The Facebook NPE experimental team has released its eighth app – and the third this week – with a new side event tool called the Venue, which aims to increase the interaction potential when viewing in real time.

As Facebook explained:

“Despite the fact that viewers are attracted by a large number of simultaneous viewers, live broadcasts are still mostly viewed alone. Passionate fans are constantly looking for the best ways to interact with other fans and experts in their favorite events. The purpose of the event is to give fans an interactive second-screen experience supervised by experts and focused on key points of their favorite events.

It works so that for each live event of, say, the latest NASCAR race, Facebook will provide selected individuals, such as journalists, athletes and / or “fan analytics,” with their own “Place” in the app., This place will serve a center where users can access the thoughts and views of each commentator (you can see an example of these places in the first screenshot above).

“During the race they will give comments, ask interactive questions and polls, and also open short chats dedicated to specific moments of the race. Think of commentators as personal concierges of the main event. ”
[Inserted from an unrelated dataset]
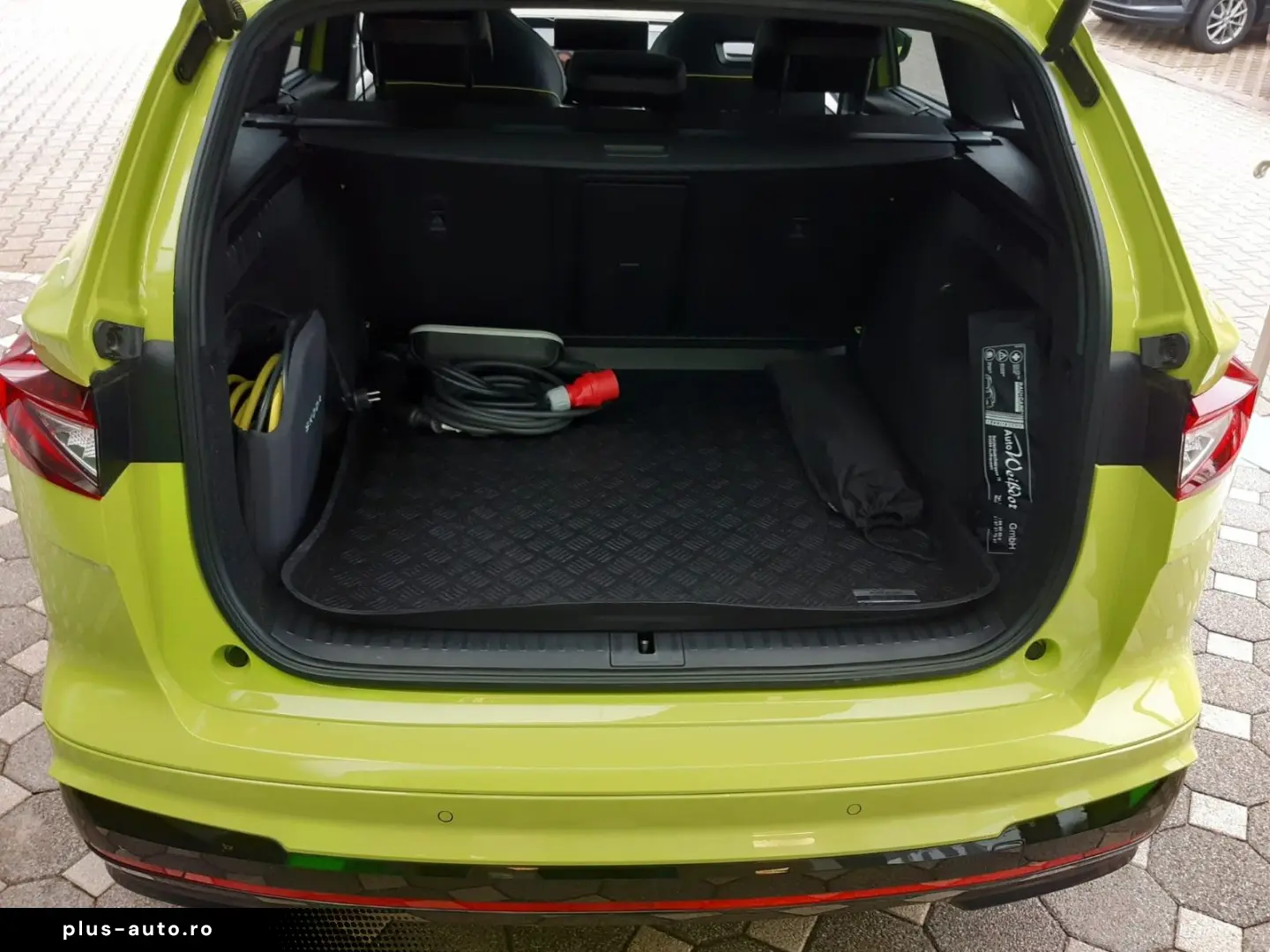 SKODA Enyaq RS Lounge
Selected individuals will also be able to create “Moments” in their event streams focused on specific events:

“Fans will be notified whenever a new moment is created so that they can enter and leave the hall if they wish.”

The idea is that by providing alerts at certain times, fans can watch the event as usual, and then register when a discussion of trends occurs, which makes it easier to grasp the second screen.

The second view has become a key component of sports interaction – according to a previous Facebook study, about 94% of people now have a smartphone on hand while watching live TV. Social platforms have been trying for years to find a better way to use this use case, but so far none of them have been able to break into the correct formula that would better combine watching live TV with social media involvement.

In fact, Facebook was trying to better adapt to playing sports in real time back in 2016 with an option called “Sports Stadium” in its main application. The sports stadium has provided a specific center for each sporting event, from a range of leagues and competitions, allowing users to follow and discuss around each.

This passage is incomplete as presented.